平成20年度 武雄市図書館・歴史資料館企画展

フェートン号事件と武雄


 江戸時代の鎖国体制下、佐賀藩は海外に開かれた唯一の貿易港、長崎の警備と言う重要な役割を負っており、武雄もその一端を担っていました。
 長崎警備が始まって160年以上を経た文化五年(1808)、イギリスの軍艦フェートン号が突如長崎港に侵入、乱暴を働く重大事件が発生しました。この時、警備の怠慢から厳罰を受けた佐賀藩では、やがて長崎警備の充実を図る目的で、西洋砲術の研究や西洋式の軍隊の調練などを導入します。その先頭に立ち、洋学の移入に務めたのが武雄でした。
 武雄の歴史に大きな影響を及ぼしたフェートン号事件から200年の今年、武雄市図書館・歴史資料館では、所蔵する多くの関係資料に加え、県内に所蔵される貴重な資料を展示し、新時代の幕開けに武雄が果たした功績を明らかにします。

場所:企画展示室(観覧無料)
期日:平成20年3月29日(土)〜5月5日(月)


【展示構成】
1.長崎警備のはじまり
2.フェートン号事件おこる
3.武雄の領主鍋島茂義
4.武雄砲術の展開
5.警備体制の充実
6.茂義、蒸気船製造主任になる


展示物の一部を下に紹介します。 展示品一覧は こちら 

環海異聞
   
 

『環海異聞』

武雄鍋島家資料 武雄市蔵

 寛政5年(1793)、仙台の水夫16人が航海中にロシア領アリューシャン列島に漂着。彼らは12年間にわたりロシアに滞在、皇帝アレクサンドルー一世にも謁見した。文化元年(1804)、彼らのうちの4人は、通商を求め長崎に来航したロシア使節レザノフの船で帰国を果たした。蘭学者の大槻玄沢が、彼らの体験等を聞き取り、詳細に筆録したのが、この『環海異聞』である。

 
   

   
 

『長崎版画 本国阿蘭陀人之図』

武雄市蔵

 天保15年(1844)、オランダ国王の親書を携えたペレンバン号が長崎に来航した頃につくられた版画。図に見える大砲は小ぶりに描かれているが、当時世界を震撼させた最新のペキサンス砲と思われ、武雄鍋島資料中にも、佐賀藩主鍋島直正に提出された実物大(約3m)の型紙が残されている。

 
   
長崎版画 本国阿蘭陀人之図

望遠鏡
   
 

『望遠鏡』

武雄鍋島家資料 武雄市蔵

 ケース付き監視用の屈折望遠鏡。
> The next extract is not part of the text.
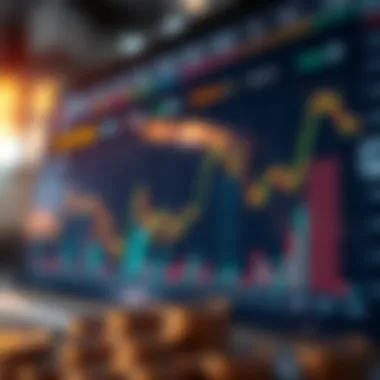 Cryptocurrency Market Trends Analysis A detailed chart illustrating cryptocurrency market trends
武雄での砲術訓練、または実戦において、目標および着弾点の距離の測定に使われたと思われる。ピントを合わせることで目標物までの距離が計測できる仕組みに作られている。

 
   

神之島図
   
 
 

『神之島図』

 武雄鍋島家資料 武雄市蔵

 長崎の神之島の絵図。長崎湾口の島々は佐賀藩領であったため、佐賀藩は長崎警備の当番年・非番年にかかわらず、独自で防衛体制を維持していかなければならなかった。1850年代には、佐賀藩独自で、伊王島・神之島に台場(砲台)を築造した。この絵図では、築造前の図の上に別紙で、築造後の図を被せてある。

 
 

蒸気機関の図
   
 
 

『蒸気機関の図』

 武雄鍋島家資料 武雄市蔵

 安政元(1854)年、佐賀藩は蒸気船建造に着手、責任者に鍋島茂義を任命した。軍隊や兵器を、大量且つ迅速に輸送する手段としての蒸気船は、当時、最も研究・開発が急がれる新鋭機種であった。
 本図は、安政元年、幕府が輸入した蒸気艇の汽罐図。この艇は、幕府が嘉永6年(1853)に発注した蒸気船雛形(模型)として引き渡されたため、実船であるにもかかわらず蒸気船雛形と呼ばれた。佐賀藩は、日本で最初の輸入蒸気船であるこの艇を長崎奉行から借り受け、深堀で船手に運用の練習を積ませた。武雄には側面図も残る。